Effects of human insulin and insulin aspart preparations on levels of IGF-I, IGFBPs and IGF bioactivity in patients with type 1 diabetes

Zhulin Ma, Jens Sandahl Christiansen, Torben Laursen, Chunsen Wu, Torsten Lauritzen, Tina Parkner, Jan Frystyk, Zhulin Ma, Jens Sandahl Christiansen, Torben Laursen, Chunsen Wu, Torsten Lauritzen, Tina Parkner, Jan Frystyk

Abstract

Background: Insulin aspart (IAsp) and its biphasic preparations BIAsp50 and BIAsp70 (containing 50% and 70% IAsp, respectively) have distinct glucose-lowering properties as compared to human insulin (HI). We investigated whether this affected the circulating IGF-system which depends on the hepatic insulin exposure.

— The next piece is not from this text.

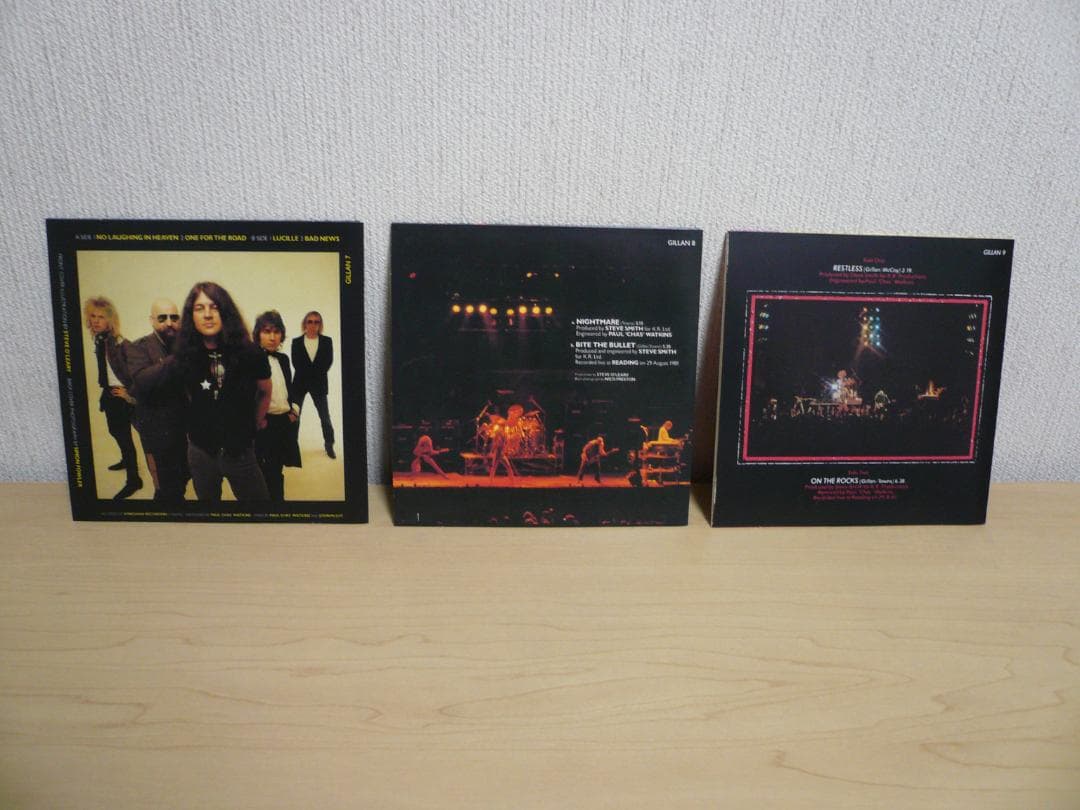 【紙ジャケ】GILLAN「THE SINGLES +P (11CDS+DVD）」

Methods: In a randomized, four-period crossover study, 19 patients with type 1 diabetes received identical doses (0.2 U/kg sc) of IAsp, BIAsp70, BIAsp50 and HI together with a standardized meal. Serum total IGF-I and IGFBP-1 to -3 were measured by immunoassays for nine hours post-prandially. Bioactive IGF was determined by an in-house, cell-based IGF-I receptor kinase activation (KIRA) assay.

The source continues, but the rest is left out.